Don’t compare your current state of happiness to your time at UWC — you are not competing with yourself. You are on yet another journey that has its ups and downs. It is easy to idealize the past, so remember that UWC was not always ideal; you missed home, you were overwhelmed by the academic stress, you fought with your roommates. It was beautiful, but it wasn’t ideal.
UWC comes hand in hand with first loves and first heartbreaks, and you might be holding onto your relationship from that time. We understand that it isn’t easy, but you must accept that life always moves on, no matter how sad it sounds.

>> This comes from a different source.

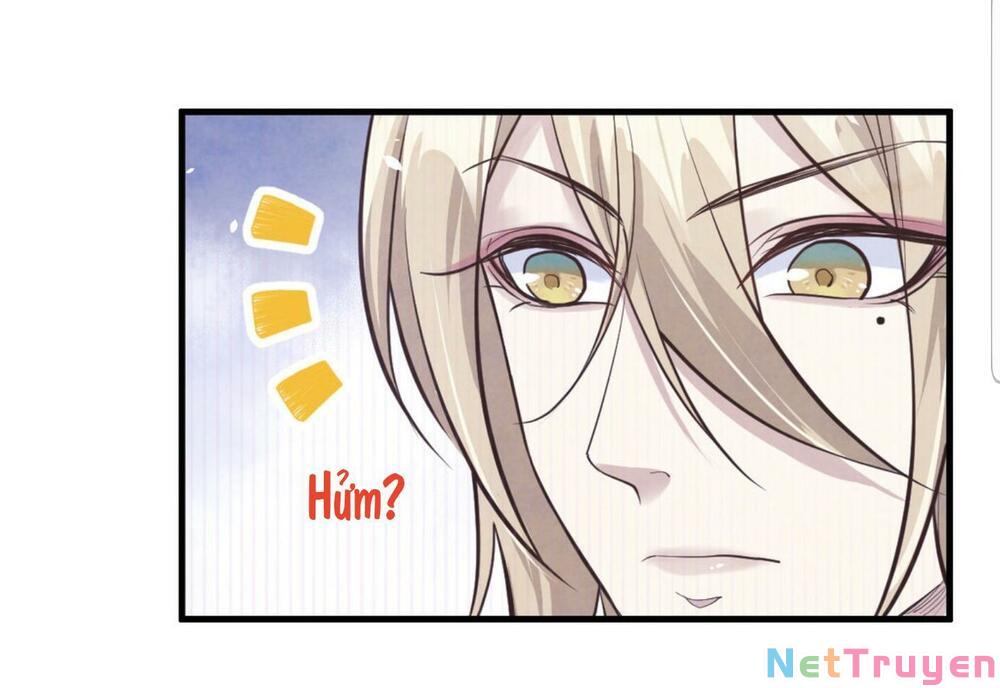 chàng vú em tu chân chapter 54 57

The only way to win against the past is to convince yourself that you must move at the same pace as the life you now lead. Moving on doesn’t have to equate to loss; if someone is the one, they will still be the one even 10 years later.
But in the meantime, you must live your life as well. Freedom can only be a good thing, even if that person was right for you. Don’t close your heart to everyone just because they are not your UWC sweetheart. Don’t expect a greater or smaller love; just think of it as a different one.
Remember how much you changed at UWC, and just try to imagine how much more you will change at NYUAD. If you’re not sure that you and your partner can put a lot of time and effort into changing in the same direction, maybe it is time to turn that page.
A little advice on choosing your group of friends at NYUAD: it is normal to start college feeling like you relate best to UWC people and wanting to spend all of your time with them. It’s understandable, given the similarity in our mindsets.
But we must not become an exclusive group; that would be very anti-UWC. Other people at NYUAD are equally interesting, and sometimes it is much more fun to find someone completely different from you rather than someone who makes you feel at home.
Finally, don’t push away your UWC memories. You must remember them and cherish them, but also let them empower you. They should never bring you down. Letting go is not the same as forgetting. You can change history, but it won't stay changed; you can bury it, but it rises from the grave.
The only way to deal with a beautiful past is to confront it as honestly as you can and let it make your present even more beautiful. May your best times begin today.